This was kool, I re-read some stabilization stuff like you said but I walked right into this one lucid and didn't really need it this time.......
Like I said before, Just give me a couple days of warm sunshine out in the woods and watch me go  :tongue2: 
Dream Journal entry...  http://www.dreamviews.com/blogs/wobl...cost-me-45242/

----------


## yuppie11975

Cool dream! You should have jumped into the fight!
On another note, as I've been on holidays, I've been capable of pouring a lot more time into my thread. 
I've really come to love you guys more than ever, and appreciate everyone's support and loyalty. 
So, I'd just like to thank you all, you've been great to me.
I really appreciate it, and cheers to 30 thousand views in the near future!

----------


## woblybil

No sleep again tonite.....Phooey.
If I do go to sleep i'm going to dream i'm in Australia with a coven of Outback witches in the raw.
(If there is no such thing as Outback witches, There will be when I get done)......  ::banana::

----------


## yuppie11975

May I recommend the famous... Uluru?! (Also known as ayers Rock) Which is a famous Australian icon.
Uluru-aerial_w480.jpg
Or, you may even have a nice time on one of our excellent beaches! 
australia-beaches.jpg
I feel like a tourist guide... hahahaah!

----------


## woblybil

You got a neat sitting rock man, How many fools break their neck climbing that every year ? 
 And are there any neeked Outback Witches on it ?
In fact I did go to sleep for one ninety minute sleep cycle and have no idea what I dreamed........This may require a lucid nap in the sun by the fishing hole  :tongue2:

----------


## yuppie11975

It's actually got aboriginal heritage, to it, and they request that no one climbs it.
However, people still do, and I'm pretty sure there's been a few injuries. People are dickheads  :tongue2: 
Sounds good mate, tell me how it goes!

----------


## woblybil

Me and my damn'd witches, Near got me killed, In a dream that is..... Was back in the dark ages when folk like us was witches and devil worshipers and some church had knights trying to kill us  :Oh noes:  .....I blew them to hell but maybe do better tonight..

----------


## Santoryu

My recall seems to go back up whenever I use a mantra for it, but whenever I try use a mantra for something else it doesn't seem to work. I try to fully believe that the mantra will work but it only seems to work for recall and has no effect on my lucid dreaming attempts, even catching when I wake after every dream doesn't seem to work with a mantra.

----------


## yuppie11975

Gee... that's a tough one dude.
Well, if your next objective is to discover when you're dreaming, I'm pleased to present to you: alternate methods of aware awakenings! 
A common technique is to study the back of your eyelids before you go to sleep for a few minutes, and gain this really weird extensive knowledge of what it's like.
Generally this is normally combined with a mantra, however there's no reason why you can't make it work! 
The premise is that you aim to understand what it's like to just be lying there with your eyes shut, and you begin to familiarise yourself with the thing you're aiming for.
So, just study the blackness of your eyelids, and it may just pay off for you.
Nothing to lose, right? Tell me how it goes brother  :smiley:

----------


## woblybil

I had a marvelous lucid dream this morning at 4:00am... But it was so nasty I cant put it on here  ::banana::

----------


## yuppie11975

Hahahaha, you may PM it to me, if you wish?  :smiley:

----------


## woblybil

> Hahahaha, you may PM it to me, if you wish?

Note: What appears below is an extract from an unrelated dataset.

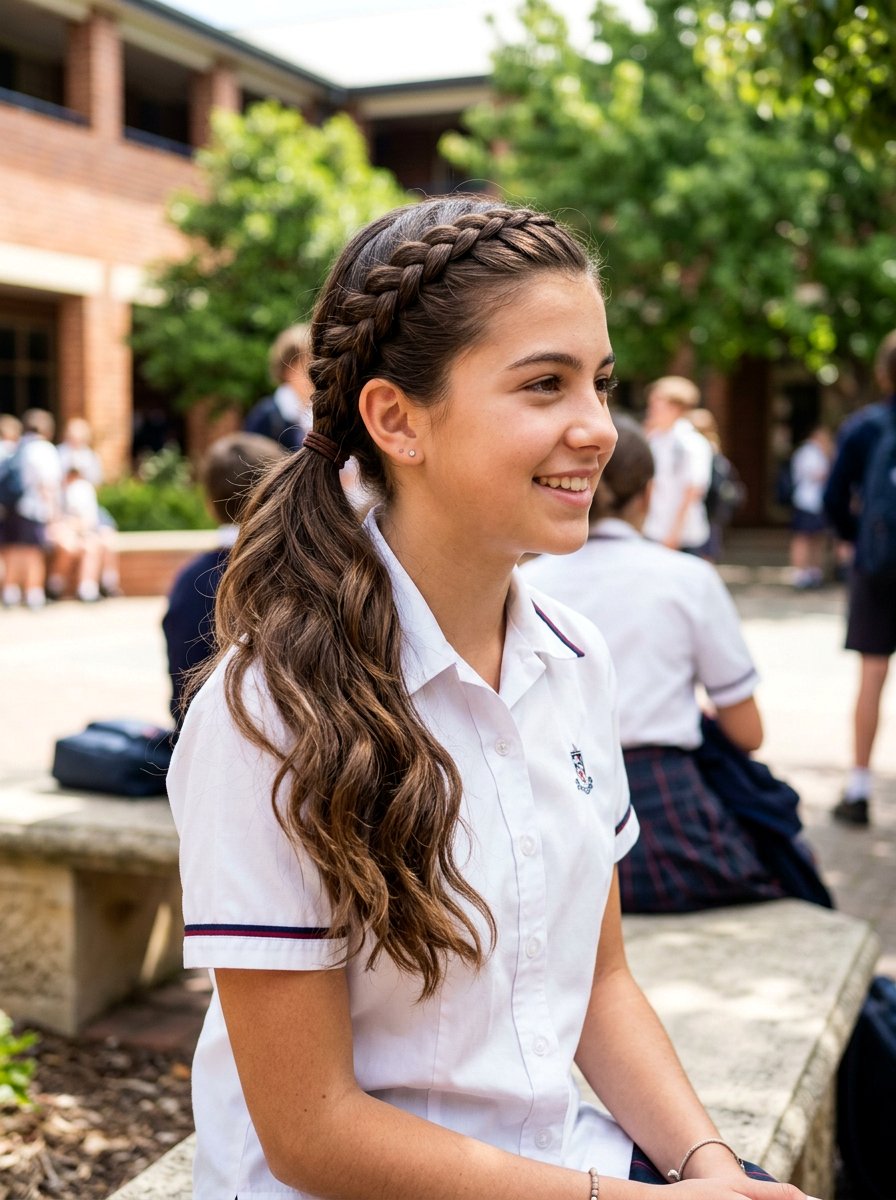 Braided Headband Into Ponytail - 20 school braid ponytail for long hair - 20 school braid ponytail for long hair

Its pretty rotten, I could PM it to that kid in London that asked if anyone had sex in a lucid dream but I'm afraid he might hurt himself  :Oh noes:

----------


## yuppie11975

Ah well, it's your call  :smiley:

----------


## woblybil

If anybody ever read my real dream journal they'd put me in a padded cell  :Oh noes:

----------


## woblybil

Ahaa, Back to my old self with warmer weather..
I watched "The Hunger Games" on Netflix before bed and it provided a whole night of great dreams, Not especially Lucid but more well controlled non lucid, Great flick and Great dream food ! Then I was fishing early this morning and came home for a nap and I dreamed I let a car down on a jack but my hand got caught under it and I pulled and it didn't hurt but just would not come free and finally my hand jerked out from under the pillow and woke me up but I didn't recognize it as Sp in time to have some fun dammit.. Sp only happens to me in warm weather too   ::banana::

----------


## woblybil

What is tagging and what are hall points ?

I found the hall points but still don't know what tagging is..

I want one of those green dots under my name like you got........ Waaahhhhh  :Eek:

----------


## yuppie11975

Bill - Tagging is labeling the thread with (generally five) single words. 
For example, I personally added 'deild, dreaming, easy, guide, lucid' myself.
This enables people to find threads easily, and works well in conjunction with search engines. 
You'll be able to view the tags if you scroll right down to the bottom of the page, and look for the title "Tags for this thread"
If you're after the achievement, I believe you have tag... twenty words? (Four X Five) Or something like that, it doesn't take long.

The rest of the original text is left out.